This repository contains resources for the Data Engineering Specialization, a MOOC offered by deeplearning.ai that provides a comprehensive guide to developing and deploying data systems that deliver real business value. It includes course subtitles and solutions to the lab exercises for all courses in the specialization.
This specialization equips learners with the skills to approach data engineering problems systematically, focusing on the full data engineering lifecycle. Key topics include building effective data pipelines, designing scalable architectures, and applying data transformations to serve business needs.
- Think critically about the components of an end-to-end data architecture that satisfies requirements while remaining flexible for the future.
- Evaluate technologies and tools against the context of requirements and good data architecture.
- Design a data architecture and implement a batch and streaming pipeline on AWS.
- Identify data formats and appropriate source systems for various use cases.
- Differentiate between relational and NoSQL databases, and understand ACID compliance.
- Perform batch and streaming data ingestion using ETL and ELT patterns.
- Interact with REST APIs, object storage, and event-streaming platforms for ingestion.
- Learn DataOps concepts such as CI/CD, Infrastructure as Code, and observability.
- Orchestrate data pipelines using Airflow and integrate data quality tests.
- Explore storage systems (object, block, and file) and their impact on performance.
- Understand the differences between row-oriented and column-oriented databases.
- Learn about data warehouses, data lakes, and the lakehouse architecture.

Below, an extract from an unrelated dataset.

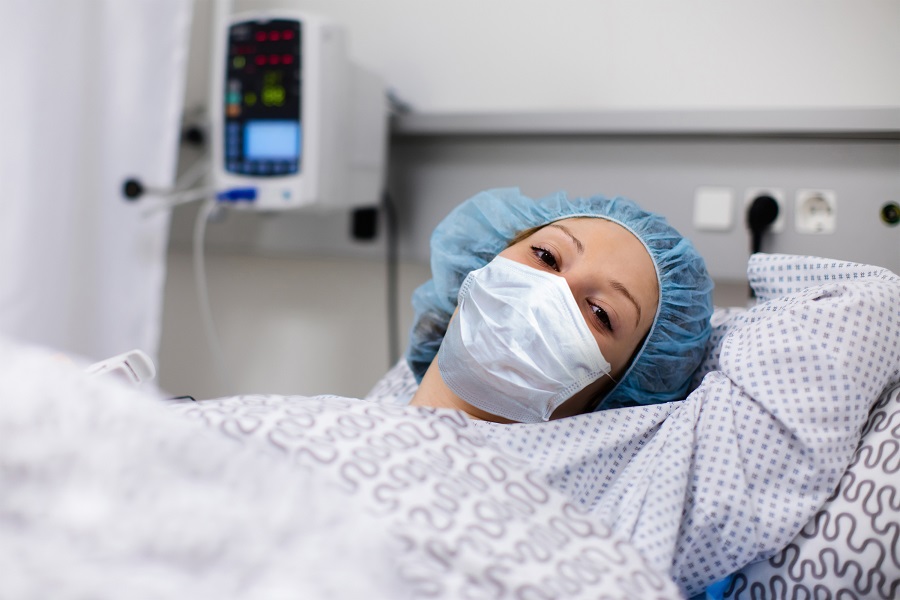 Klinikpatientin mit Schutzmaske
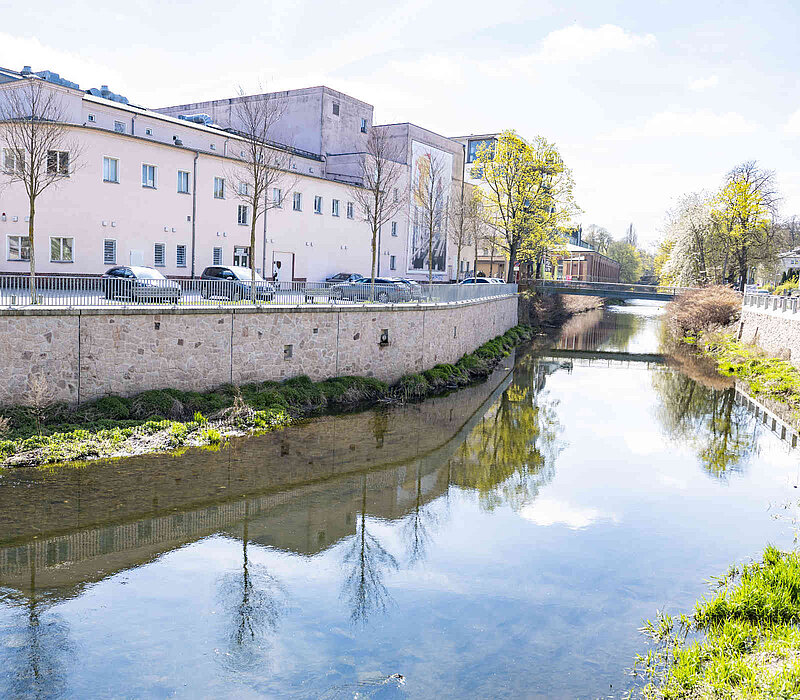Ufermauer Luxor eingebettet in den Flusslauf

- Implement advanced SQL queries and strategies for query performance optimization.
- Execute aggregate and join queries on streaming data.

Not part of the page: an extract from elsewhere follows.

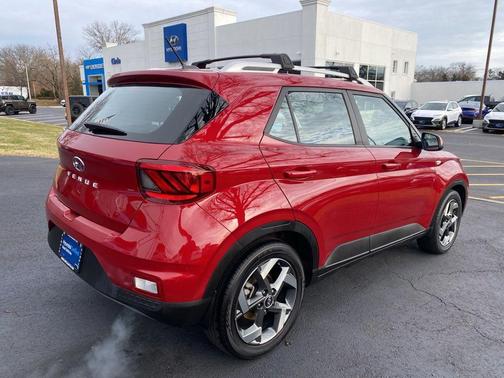 2023 Hyundai VENUE SEL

- Define data modeling techniques and apply normalization to data.
- Understand warehouse modeling approaches (Inmon, Kimball, Data Vault) and transform data for analytics.
- Prepare tabular, textual, and image data for machine learning models.
- Compare batch and streaming transformation frameworks such as Spark and Pandas.
- Serve processed data to stakeholders using modern architectures.
- Transcripts
- Lab solutions
This repository is intended for educational purposes only. The contents of this repository, including subtitles, are not my own. The solutions to the labs are provided for reference and are not endorsed by the course instructors or platform. Please adhere to the course’s honor code and guidelines when using these resources.